7 Ways to Avoid Paying Taxes On Your 401k Withdrawal (2024)

7 Ways to Avoid Paying Taxes On Your 401k Withdrawal

When you take money out of a typical 401(k), the IRS taxes that money as if it were ordinary income. The amount of tax you pay depends on your tax bracket. If you get a bigger dividend, you can expect to pay more tax. If you are under 59 1/2 years old, you may have to pay a 10% penalty on the distribution.
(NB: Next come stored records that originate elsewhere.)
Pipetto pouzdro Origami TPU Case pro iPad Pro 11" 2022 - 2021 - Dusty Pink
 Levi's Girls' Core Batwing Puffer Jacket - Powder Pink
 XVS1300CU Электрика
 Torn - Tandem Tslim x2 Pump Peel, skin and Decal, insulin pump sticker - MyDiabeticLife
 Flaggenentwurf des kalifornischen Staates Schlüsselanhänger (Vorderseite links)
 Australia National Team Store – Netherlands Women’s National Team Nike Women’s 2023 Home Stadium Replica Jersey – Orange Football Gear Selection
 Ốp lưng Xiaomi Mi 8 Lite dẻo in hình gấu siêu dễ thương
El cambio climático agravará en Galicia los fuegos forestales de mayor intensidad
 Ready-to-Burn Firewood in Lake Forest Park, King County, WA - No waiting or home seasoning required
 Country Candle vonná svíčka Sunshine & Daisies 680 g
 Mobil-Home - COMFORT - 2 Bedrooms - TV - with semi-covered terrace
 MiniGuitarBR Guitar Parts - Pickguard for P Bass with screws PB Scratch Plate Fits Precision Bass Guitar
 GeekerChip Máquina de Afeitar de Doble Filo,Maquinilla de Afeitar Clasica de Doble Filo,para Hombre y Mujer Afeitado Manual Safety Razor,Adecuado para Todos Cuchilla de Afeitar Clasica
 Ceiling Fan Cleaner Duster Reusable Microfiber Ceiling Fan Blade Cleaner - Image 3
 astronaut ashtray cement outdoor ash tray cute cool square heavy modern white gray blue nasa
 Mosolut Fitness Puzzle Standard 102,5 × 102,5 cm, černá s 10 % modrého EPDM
You don't have to pay taxes on the money in your 401k if you roll it over into an IRA or a new employer's 401k (k). If you have at least $1,000 when you leave your job, you can put it into a new retirement plan without paying taxes on it. You can also avoid paying taxes by taking a 401(k) loan instead of a 401(k) withdrawal, giving to charity, or making Roth contributions. If you want to get your 401(k) money without paying taxes, there are some things you can do to avoid or lower your tax burden.

Here's how you can do that.

Read more: When Are Taxes Due? 2023 Filing & Extension Deadlines
Watch Video: How Can I Avoid Paying Taxes On My 401k Withdrawal?

1. Consider Putting Money into a Roth IRA

If you think that your income in your golden years will put you in a higher tax bracket, you might want to move your money to a Roth account. Since this account was opened with money that was earned after taxes, any future withdrawals will not be taxed.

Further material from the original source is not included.